First Author  Kolaj A Year  2023
Journal  Cell Rep Volume  42
Issue  3 Pages  112242
PubMed ID  36924490 Mgi Jnum  J:334886
Mgi Id  MGI:7463828 Doi  10.1016/j.celrep.2023.112242
Citation  Kolaj A, et al. (2023) The P-body protein 4E-T represses translation to regulate the balance between cell genesis and establishment of the postnatal NSC pool. Cell Rep 42(3):112242
abstractText  Here, we ask how developing precursors maintain the balance between cell genesis for tissue growth and establishment of adult stem cell pools, focusing on postnatal forebrain neural precursor cells (NPCs).
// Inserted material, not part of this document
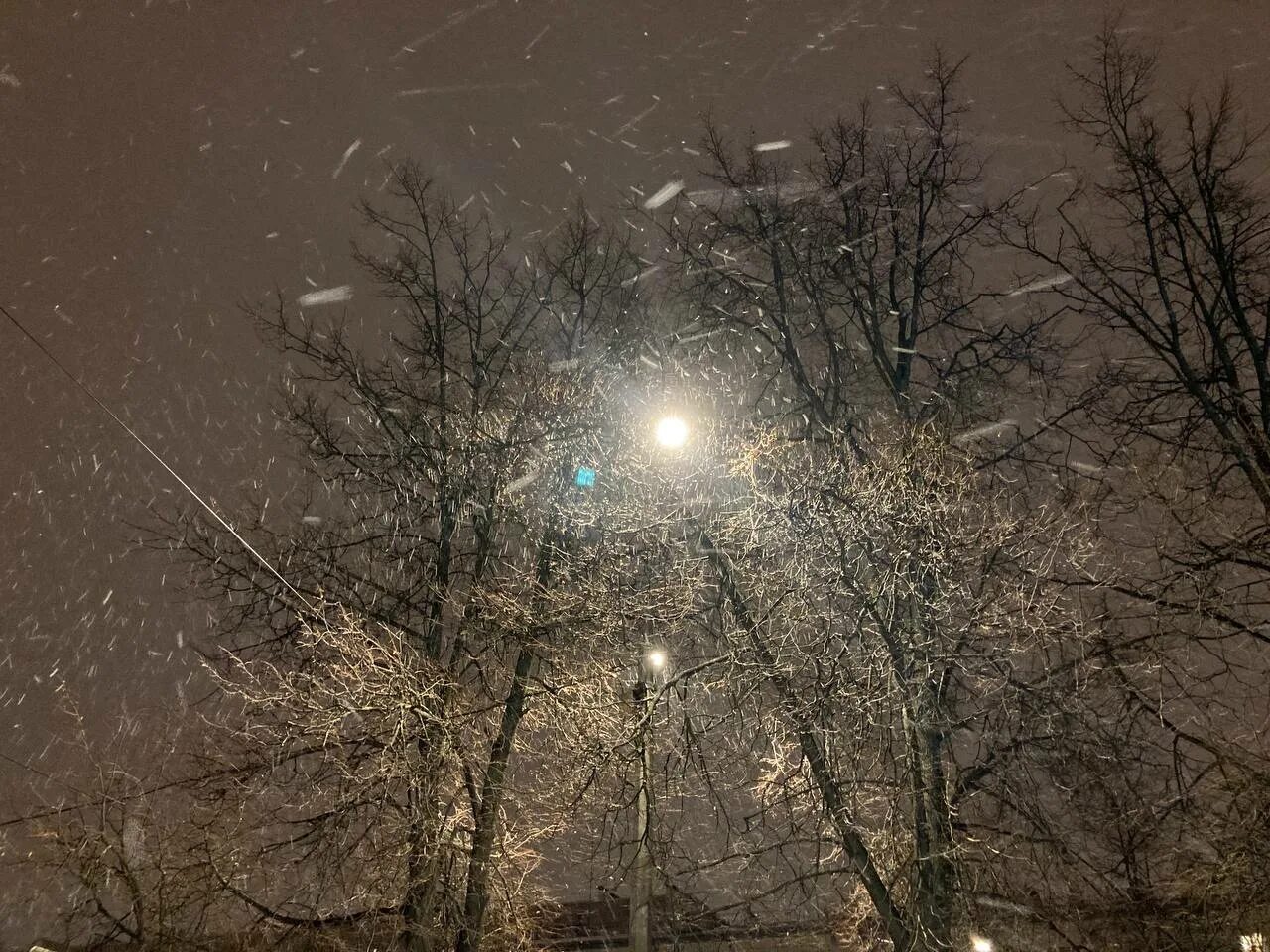 Воскресенье выпадет снег. Снег ночью. Снежное утро в городе. Снежное утро февраля. Небольшой снег.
We show that these NPCs are transcriptionally primed to differentiate and that the primed mRNAs are associated with the translational repressor 4E-T. 4E-T also broadly associates with other NPC mRNAs encoding transcriptional regulators, and these are preferentially depleted from ribosomes, consistent with repression. By contrast, a second translational regulator, Cpeb4, associates with diverse target mRNAs that are largely ribosome associated. The 4E-T-dependent mRNA association is functionally important because 4E-T knockdown or conditional knockout derepresses proneurogenic mRNA translation and perturbs maintenance versus differentiation of early postnatal NPCs in culture and in vivo. Thus, early postnatal NPCs are primed to differentiate, and 4E-T regulates the balance between cell genesis and stem cell expansion by sequestering and repressing mRNAs encoding transcriptional regulators.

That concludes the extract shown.